McLemore became the first Black woman president of the American Institute of Architects Houston chapter late last year, earning a proclamation from Houston City Council for her achievements. While being first is exciting, McLemore said it was a bittersweet feeling.

“It’s a little bit sad to hear that someone is the first of anything in 2023, 2024,” McLemore said. 

McLemore is Texas studio design leader and project manager at Moody Nolan, the largest Black-owned architectural firm in the U.S. with 12 offices nationally. She has worked on numerous education projects, including the Texas Southern University Library Learning Center and the new Texas Southern University Transformation Complex, as well as commercial projects such as the Greentown Lab in Houston’s Ion District. 

Greentown Lab is the largest climate tech startup incubator in North America, allowing startups, corporates, investors and policymakers to come together. McLemore served as the owner’s representative on the project. 

McLemore sat down with Bisnow to chat about how she fell into architecture, the projects she is passionate about and her intentions to get more Black women into the industry. 

This interview has been edited for length and clarity.

Bisnow: How did you get into architecture?

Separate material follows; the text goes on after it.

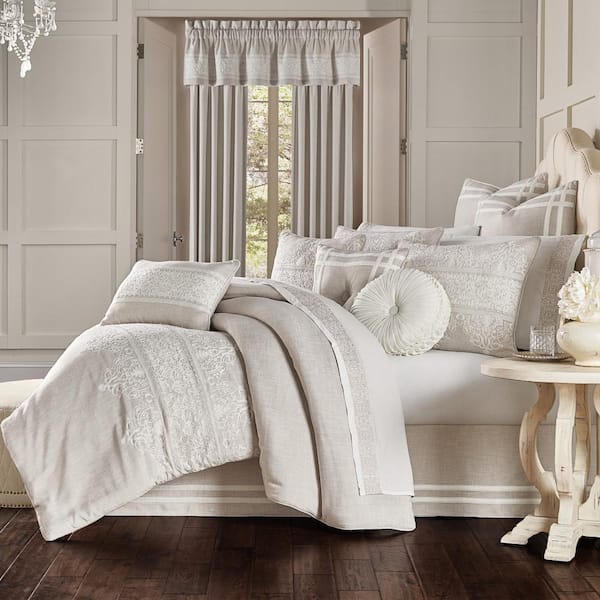 Unbranded Leanna Polyester Beige Queen 4Pc. Comforter Set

McLemore: I had no intent of being an architect. I was actually in an engineering program when I was in high school. But the big twist of how I became an architect: I just checked the wrong box on my application.

I did the Texas Common Application. The intent was to save money and mass apply to a bunch of schools here in Texas. There was a category of interest question, and I checked architecture, not knowing that I was declaring a major. So I ended up getting a bunch of “Congratulations, you’ve been accepted to the college of architecture” letters. I was like “I’m 18, if I don’t like it, I’ll try something else.”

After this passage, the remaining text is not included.